In the eighteenth century certain members of the clerisy, such as Voltaire and Tom Paine, courageously advocated our liberties in trade. And in truth our main protection against the ravenous has been just such competition in trade—not Citi Hall or Whitehall, which have their own ravenous habits, backed by violence. …

The commercial bourgeoisie—despised by the right and the left, and by many in the middle, too, all thrilled by the Romantic radicalism of books like Mein Kampf or What Is to Be Done—created the Great Enrichment and the modern world. The Enrichment dramatically improved our lives. …

Much of the clerisy … mislaid its former commitment to a free and dignified common people. It forgot the main, and the one scientifically proven, social discovery of the nineteenth century … that ordinary men and women do not need to be directed from above, and when honored and left alone become immensely creative. …
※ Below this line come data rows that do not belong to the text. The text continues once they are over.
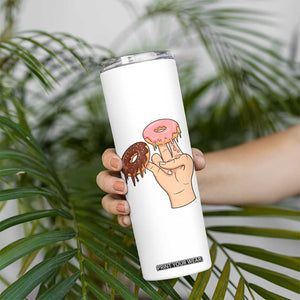 2 In The Pink 1 In The Stink Skinny Tumbler Funny Donut Adult Humor TS12 Print Your Wear
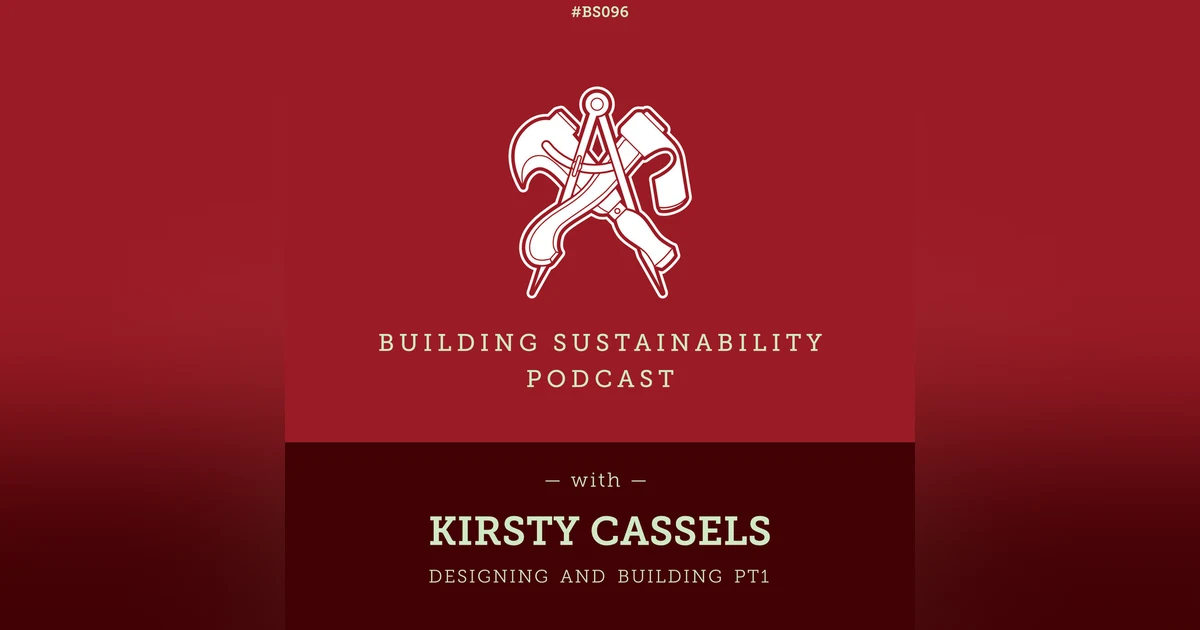 Designing and Building - Kirsty Cassels Pt1 - BS096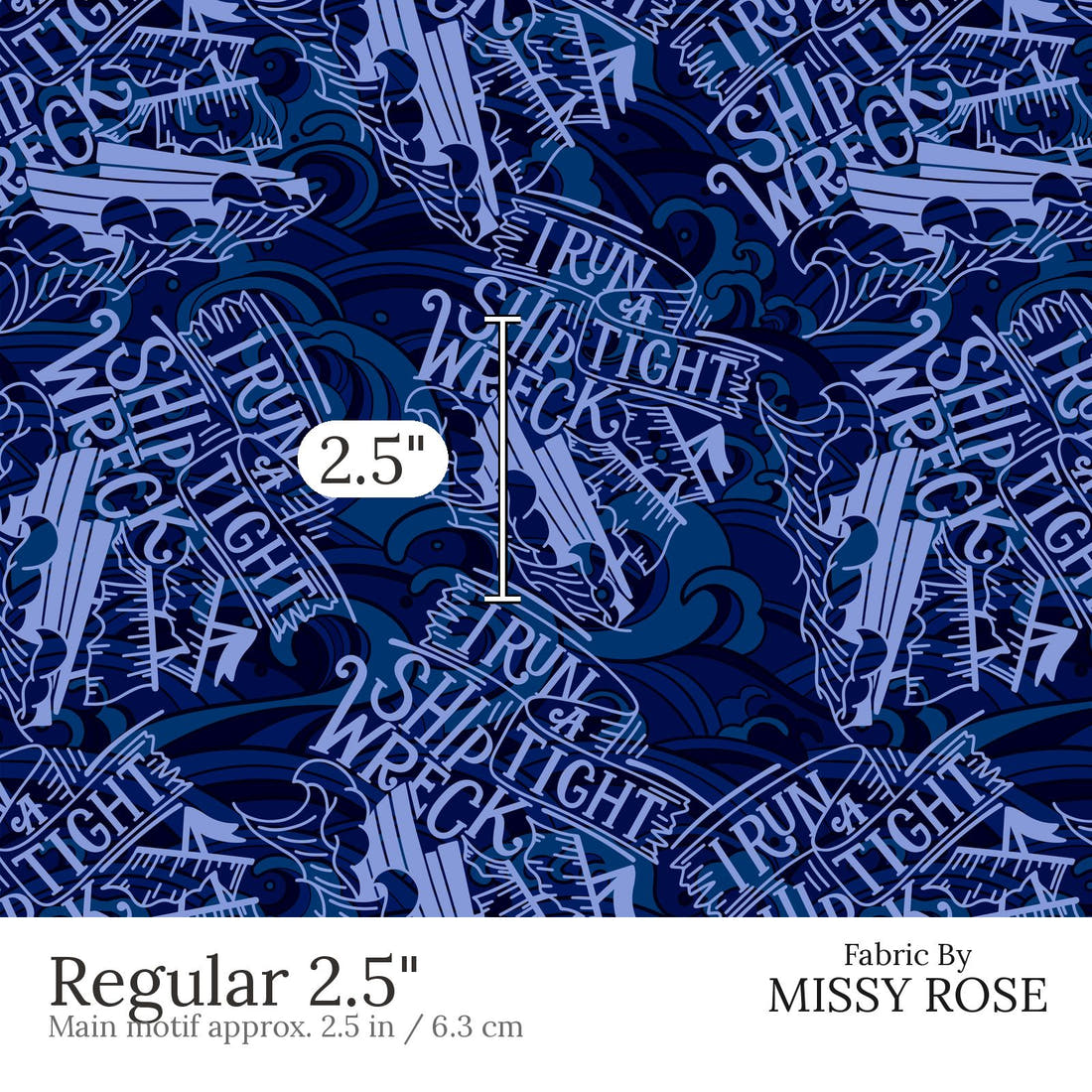 Design 519 Shipwreck Fabric Regular 2.5 inch print scale guide | Fabric by Missy Rose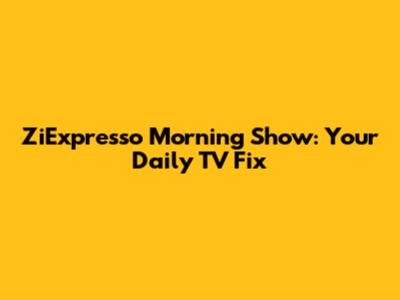 ZiExpresso Morning Show: Your Daily TV Fix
The modern world was made by a slow-motion revolution in ethical convictions about virtues and vices, in particular by a much higher level than in earlier times of toleration for trade-tested progress—letting people make mutually advantageous deals, and even admiring them for doing so, and especially admiring them when, Steve-Jobs loke, they imagine betterments. … Trade-and-betterment toleration was advocated first by the bourgeoisie itself, then more consequentially by the clerisy, which for a century before 1848, I have noted, admired economic liberty and bourgeois dignity … By then, however, as I also noted, much of the avant-garde of the clerisy worldwide had turned decisively against the bourgeoisie, on the road to twentieth-century fascism and communism.

To all EconLog readers, Merry Commercial Christmas!